Implikasi Putusan MK Nomor 60/PUU-XXII/2024 tentang Ambang Batas Pencalonan Kepala Daerah ditinjau dari Perspektif Hukum Positif dan Siyasah Syar’iyyah
Hasmiyati/742352021081 - Personal Name
Penelitian ini bertujuan untuk menganalisis Implikasi Putusan Mahkamah Konstitusi
Nomor 60/PUU-XXII/2024 yang membatalkan ketentuan ambang batas minimal
pencalonan kepala daerah sebagaimana diatur dalam Pasal 40 ayat (1) dan (3) UndangUndang Nomor 10 Tahun 2016 tentang Pilkada. Fokus kajian ini menitikberatkan pada
peninjauan dari perspektif hukum positif dan siyasah syar’iyyah, guna melihat sejauh
mana putusan tersebut mempengaruhi mekanisme pencalonan dan dinamika
ketatanegaraan.
Hasil penelitian menunjukkan bahwa putusan ini membuka ruang pencalonan yang lebih
inklusif dan kompetitif, sejalan dengan teori kedaulatan rakyat Jean Jacques Rousseau
yang menempatkan kehendak umum di atas dominasi elit politik. Dalam bingkai teori
politik hukum Mochtar Kusumaatmadja, perubahan ini merepresentasikan hukum sebagai
instrumen rekayasa sosial yang adaptif terhadap perkembangan kebutuhan masyarakat.

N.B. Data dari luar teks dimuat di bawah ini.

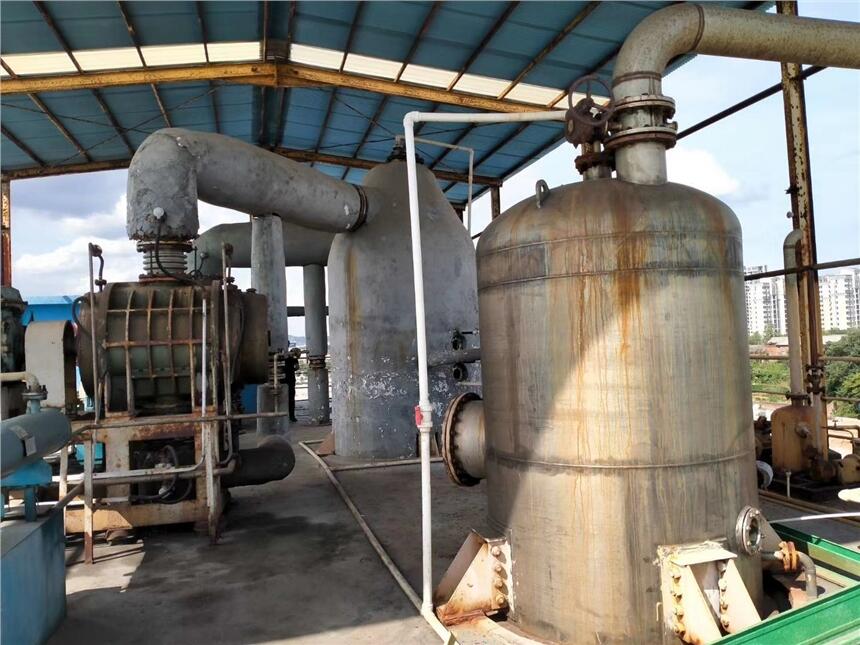 求購二手10噸三效鈦材蒸發(fā)器  MVR壓縮機(jī)鈦管蒸發(fā)器  二手三效濃縮果汁蒸發(fā)器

Namun secara hukum positif, ketiadaan pembaruan norma dalam Undang-Undang
Pilkada pasca putusan tersebut berpotensi menimbulkan kekosongan hukum dan tafsir
yang beragam dalam pelaksanaannya.
Lebih jauh, kewenangan Mahkamah Konstitusi dalam putusan ini menunjukkan
kecenderungan bergesernya peran dari negatif legislator menjadi positif legislator, karena
mencabut norma tanpa legislasi lanjutan, yang mengindikasikan dinamika baru dalam
sistem ketatanegaraan. Dari sudut pandang siyasah syar’iyyah, karena persoalan ini tidak
secara eksplisit diatur dalam nash, maka prinsip musyawarah, keadilan (al-‘adalah), dan
kemaslahatan (mashlahah) menjadi dasar penilaian. Sebagaimana dijelaskan oleh Yusuf
al-Qaradawi, aspek siyasah memungkinkan adanya fleksibilitas dalam menetapkan
kebijakan publik selama tidak bertentangan dengan maqashid syariah dan tetap menjaga
maslahat umat.
Implikasi dari penelitian ini adalah pentingnya penyusunan regulasi turunan yang
mengatur secara rinci pasca-putusan Mahkamah Konstitusi untuk menghindari
kekosongan hukum. Di samping itu, perlu diperkuatnya partisipasi politik masyarakat
sebagai manifestasi keadilan elektoral dalam sistem demokrasi yang selaras dengan nilainilai konstitusi dan prinsip siyasah syar’iyyah. Untuk menghindari perdebatan yang
berkepanjangan, kajian akademis mendalam dari tokoh-tokoh fikih siyasah diperlukan
sebagai landasan normatif yang kokoh dan kontekstual.
A. Simpulan
1. Putusan Mahkamah Konstitusi Nomor 60/PUU-XXII/2024 merupakan
respons atas permohonan uji materi oleh Partai Buruh dan Partai Gelora
terhadap Pasal 40 ayat (3) UU Nomor 10 Tahun 2016 yang dinilai
bertentangan dengan prinsip-prinsip konstitusi seperti kedaulatan
rakyat, kepastian hukum, dan keadilan dalam kontestasi politik.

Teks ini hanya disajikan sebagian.